Afters is the phenomenal debut album by the fantastically named The Helicopter Of The Holy Ghost featuring Mark Morriss of The Bluetones and Billy Reeves of theaudience. It is a fantastic collection of gentle piano, roaring guitar, dark crescendos and any other adjective noun you could possibly imagine. Their ability to pull in all directions whilst keeping a consistent tone is tremendous. As is most of this album.

Picture The Mountain Goats in a Travis shaped box. Or Keane with Atom Heart Mother era Pink Floyd musicality. Or Brandon Flowers ft latter-day Radiohead. They aren’t the first quietly engaging soft-music, hard-lyrics band, but they might be one of the best entries into that particular category. Songs of yearning, check. Songs of ambition, check. Songs of painful reflection, check. Written or performed by any other band this album would be dusty.

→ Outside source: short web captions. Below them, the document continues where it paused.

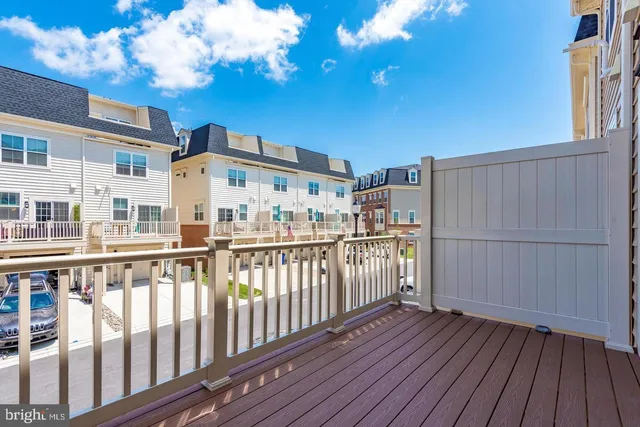 a view of a house with wooden deck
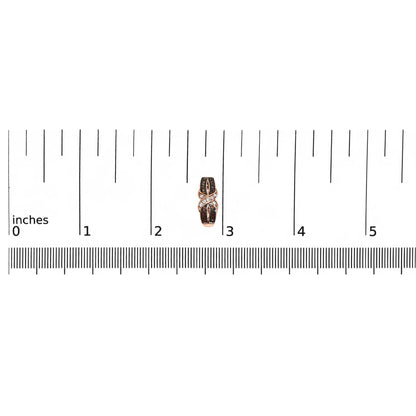 Close-up front view of single rose metal earring with white and brown gemstones in pave setting, placed on a ruler for size reference.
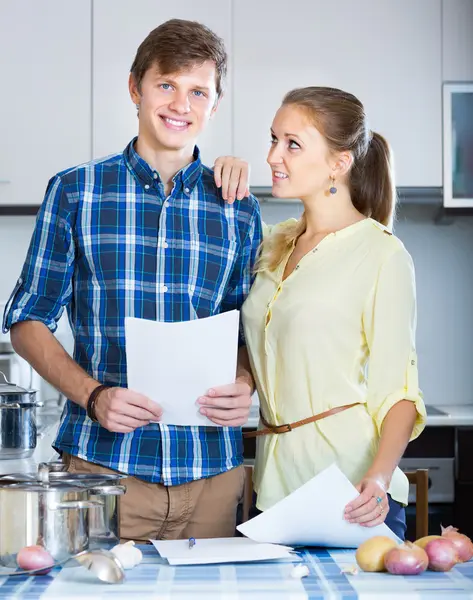 Smiling adult couple signing bank contract — Stock Photo, Image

But in the hands of Holy Ghost they dazzle. And whenever Crayola Lectern’s keys are brought to the fore, the songs jump up half a star.

This is definitely a band that gets better when they get closer to the edge. The swelling crescendos of Tony Got A Car could easily end the album, and yet that’s only the third song. The music might not be challenging, but it is consistently exceptional in its field. But even then, there’s a caveat. Hangar Lane Gyratory System 4.44am rivals anything on the B-Side of Heroes in terms of fantastically compelling nonsense. Perhaps it’s a pointless self-indulgent instrumental. But if it is, then why is it so compelling?

For all the comparisons made here, The Helicopter Of The Holy Ghost has a sound entirely of its own. Unafraid to play. Unafraid to go soft, or dark. Unafraid to be themselves. A unique, compelling band who have found their voice and are ready to be heard. We can only hope that whatever comes after is as good as Afters.